Aussi, - après avoir donné sa mesure sur d'autres terrains avec l'Ile du Rêve, la Carmélite, Nausicaa, la Fête chez Thérèse, la pimpante et tendre Ciboulette, Brummel et Malvina, où, à l'exemple d'André Messager, il donne à la musique dite légère, si souvent galvaudée ailleurs, ses véritables lettres de noblesse, - est-il naturel qu'il ait voulu faire revivre quelque chose de l'esprit du maître des Noces dans la partition du Marchand de Venise, que le public de l'Opéra a chaleureusement accueilli en mars 1935. Il semble que, si grande que soit la différence du cadre et de l'ambiance, il n'y ait point échoué : ce qui ne sera pas, à bien des yeux, un négligeable éloge.
Certes l'adaptation lyrique du texte shakespearien, offrait maints écueils que M. Zamacoïs ne pouvait toujours éviter en établissant son livret en vue de la musique.

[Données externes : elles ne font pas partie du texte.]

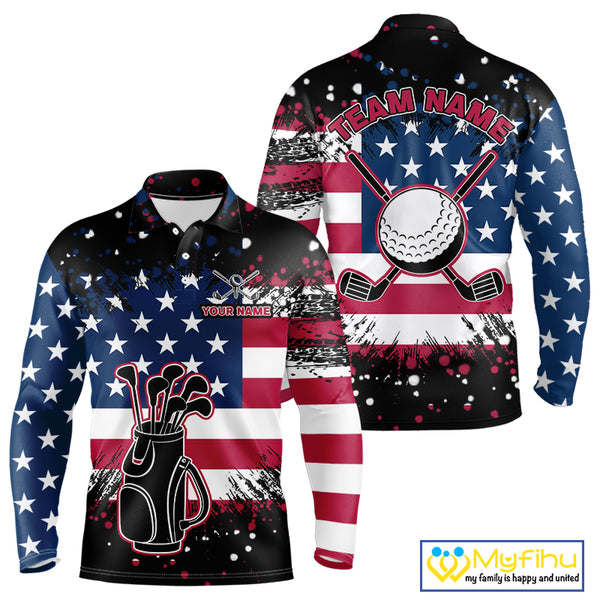 American Flag Black golf polo shirts for men custom patriotic retro golf team shirts, golfer gifts NQS10211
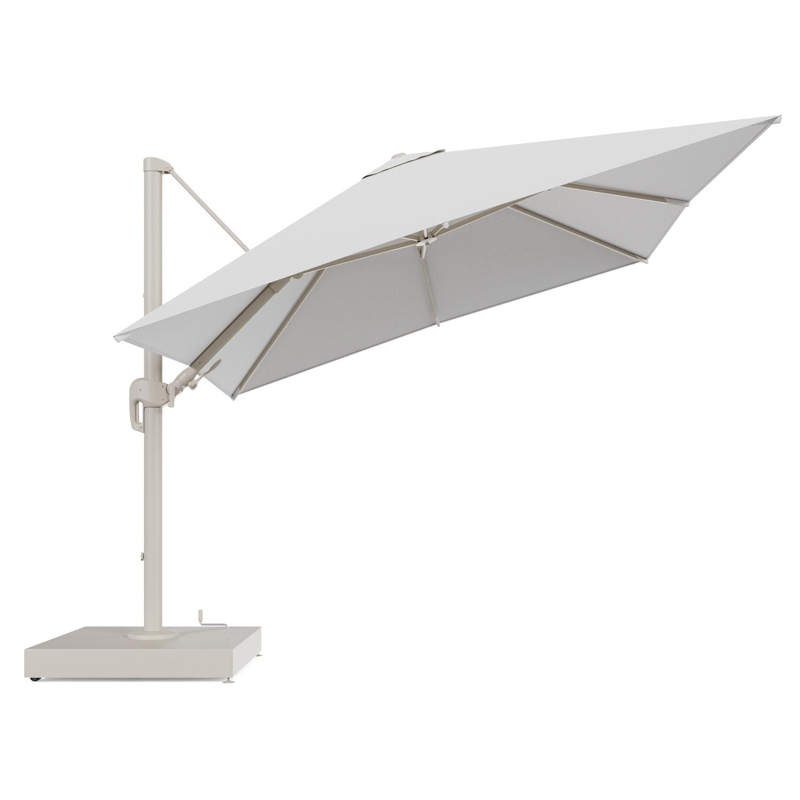 Rufina zweefparasol met tiltfunctie in beige aluminium en Ego Birch All Weather Solica parasoldoek - L1 300 x L2 300 cm met parasolvoet Minore 260 kg met wielen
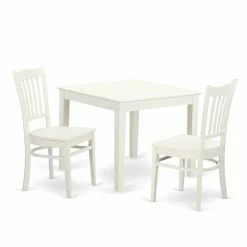 Coupon ⭐ Square East West Furniture 3 Piece Comb Back Breakfast Nook Dining Table Set 🔔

Utilisant sans heurts et avec une connaissance accomplie des exigences délicates de ce style, successivement le recitativo secco, des airs et des ensembles soigneusement construits, la partition de M. Reynaldo Hahn laisse sans cesse en évidence l'action dramatique. Elle permet, comme celle de la Pie Borgne, à toutes les paroles bien prononcées des chanteurs de parvenir à nos oreilles.

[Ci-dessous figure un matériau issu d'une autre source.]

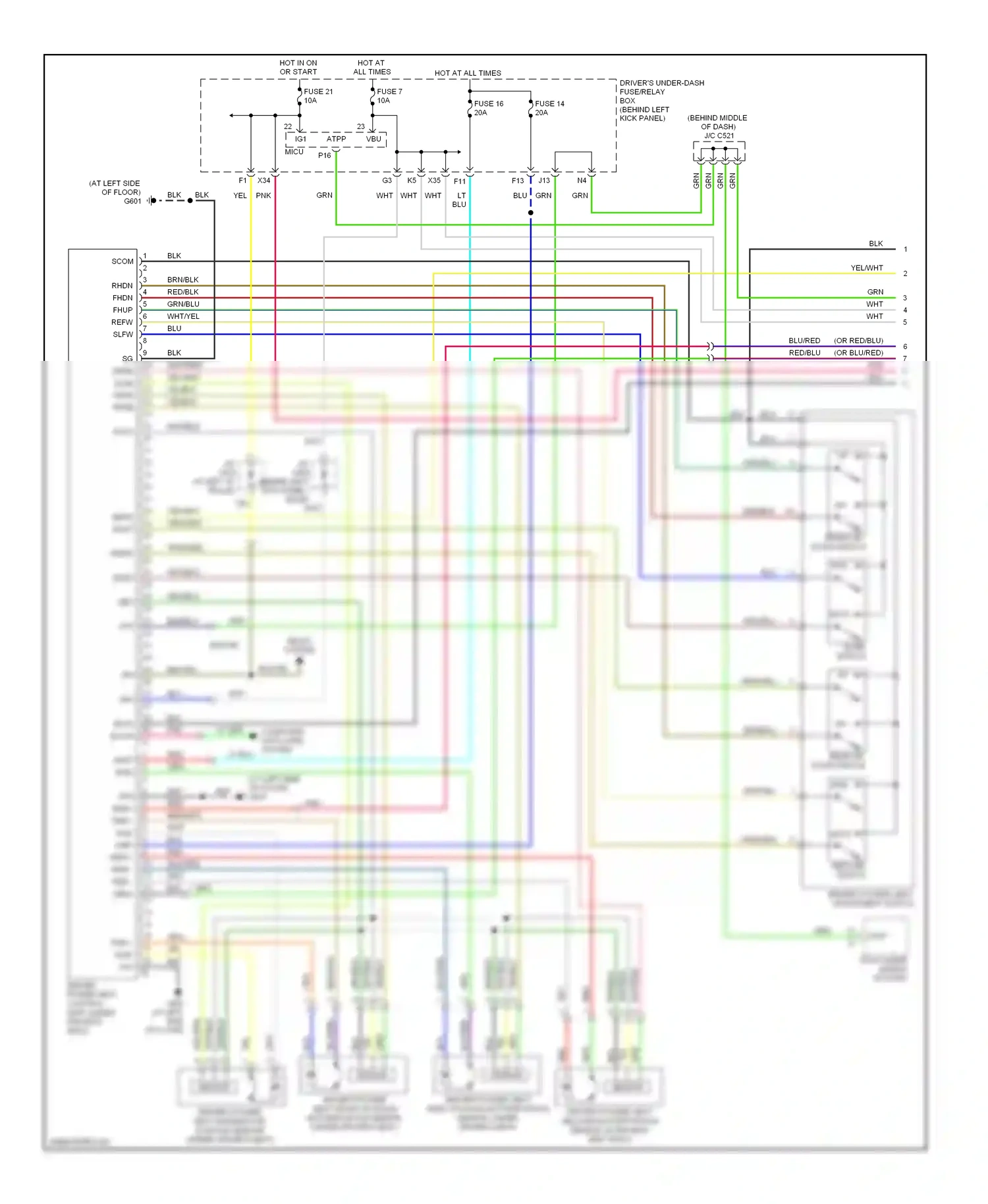 Acura RL II facelift (2008-2012) sensor wiring diagram  (1 of 1)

Si, au premier abord, le premier acte, varié, poétique et vivant, où le monologue de Schylock possède une réelle intensité d'accent, a eu mes préférences, et si la grande scène du tribunal, au fond malaisément musicable, fournit à l'interprète chargée du rôle de Portia, l'occasion de mettre en valeur toutes les ressources de son sentiment dramatique et de sa grâce persuasive, je tiens à signaler aussi, au deuxième acte, les séductions de la scène des coffrets, les entrées brillantes des princes du Maroc et de l'Aragon, les tendresses de Portia et de Bassanio, le quatuor final ; enfin, au dernier tableau le mystère de la nuit étoilée et le septuor conclusif : " Il faut que l'amour ait le dernier mot". Ou je me trompe fort, ou le Marchand de Venise aurait eu, s'ils vivaient encore parmi nous, les suffrages du compositeur de Don Juan, voire même de celui de Roméo et Juliette... Sans doute, M. Reynaldo Hahn s'en serait-il déclaré satisfait (1).

1944 


  (1) Survenue au moment où ce livre était déjà sous presse, la disparition de Reynaldo Hahn a suscité les regrets unanimes des amis de la musique qu'il a voulu servir jusqu'au bout, dans des heures troublées, sans compter ni avec ses forces, ni avec ses goûts. Il nous laisse plusieurs oeuvres achevées : le Oui des Jeunes Filles, trois actes sur un livret de René Fauchois (d'après Moratin) ; Aino, opéra bouffe en un acte, livret de Guy Ferrant ; Aux bosquets d'Italie, ballet en deux actes mêlé de chant ; un Concerto Hongrois pour piano, violon, cordes et batterie ; des fragments du Pauvre d'Assise, cinq actes sur un poème d'André Rivollet. Souhaitons les connaître bientôt.